When my partner Tom’s brother, Jim, was just a little guy, their mother told him about the tradition of certain Native American tribes.
If someone admires something of yours, it was considered the gracious and generous thing to do to give it to them.
She’d related the information as an interesting bit of information without really thinking what effect it might have on a five year old.
It wasn’t good.
He couldn’t even say Roy Rogers, much less Dale … the name of Roy’s lovely significant other, Dale Evans. It came out Woy and Dayo.
This was a crisis. His stuff was in jeopardy.
You know how little kids are about their stuff. Miiiiiinnnnne!
He was well and truly distressed. The fundamental underpinnings of his world were this close to being jerked out from beneath him. His mind was spinning.
And then, just like that, a relieved expression came across his face. A switch had been flipped.
He looked and his mother and asked … “But you can admire it back, right?”

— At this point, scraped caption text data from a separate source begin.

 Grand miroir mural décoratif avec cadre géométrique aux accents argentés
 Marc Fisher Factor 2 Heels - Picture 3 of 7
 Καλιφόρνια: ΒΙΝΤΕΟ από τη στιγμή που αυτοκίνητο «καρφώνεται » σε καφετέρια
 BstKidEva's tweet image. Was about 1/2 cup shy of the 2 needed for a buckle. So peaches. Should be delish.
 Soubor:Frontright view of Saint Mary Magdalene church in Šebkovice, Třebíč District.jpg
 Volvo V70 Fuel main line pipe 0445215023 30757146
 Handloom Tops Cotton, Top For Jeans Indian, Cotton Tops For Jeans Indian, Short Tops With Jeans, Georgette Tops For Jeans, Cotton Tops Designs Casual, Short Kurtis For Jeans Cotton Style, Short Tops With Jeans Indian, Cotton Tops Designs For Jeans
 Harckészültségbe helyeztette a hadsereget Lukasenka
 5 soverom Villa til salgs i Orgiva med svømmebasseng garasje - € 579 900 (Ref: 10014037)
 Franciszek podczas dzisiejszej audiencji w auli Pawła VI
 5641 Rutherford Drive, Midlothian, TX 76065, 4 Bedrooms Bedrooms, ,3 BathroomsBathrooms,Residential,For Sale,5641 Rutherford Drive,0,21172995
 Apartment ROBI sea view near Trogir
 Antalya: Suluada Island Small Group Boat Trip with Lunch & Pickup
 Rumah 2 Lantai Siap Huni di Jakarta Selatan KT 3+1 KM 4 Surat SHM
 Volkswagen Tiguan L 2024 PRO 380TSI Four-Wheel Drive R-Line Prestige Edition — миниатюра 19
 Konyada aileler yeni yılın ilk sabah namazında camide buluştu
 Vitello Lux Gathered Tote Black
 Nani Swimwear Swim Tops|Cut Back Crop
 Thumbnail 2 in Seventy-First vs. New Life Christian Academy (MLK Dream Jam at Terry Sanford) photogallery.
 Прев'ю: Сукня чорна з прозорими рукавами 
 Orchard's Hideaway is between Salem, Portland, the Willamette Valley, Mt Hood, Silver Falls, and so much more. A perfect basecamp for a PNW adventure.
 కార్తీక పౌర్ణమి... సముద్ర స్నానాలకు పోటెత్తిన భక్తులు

The tone was at once hopeful and concerned.
Time to get serious and focus Mom. After all, there must be some mistake. And you seem to know about these “Indians.”
At moments like this, children count on grownups to come through for them … to clear up the confusion and make things right with the world.
And she did. She could see the panic in his eyes and hear the beseeching tone of the question.
“I guess you could.”
That was enough. All was right with the world once more. He was happy again.
Oh, don’t you wish it were that simple when you’re faced with a world that’s suddenly stopped making sense … when the bedrock you’ve counted on your whole life to remain steady beneath your feet starts shifting?
And doesn’t it make you appreciate how attached we are to our “stuff ” … no matter how old we are?
And how beautiful it would be if we could come from that extraordinary place of generosity and lack of attachment that would allow you to say …
“You appreciate this thing. It’s special to me, but what would be more special is if I could give it to you, knowing it would bring you joy.”
To freely give it. To let go of it and be happy in the giving.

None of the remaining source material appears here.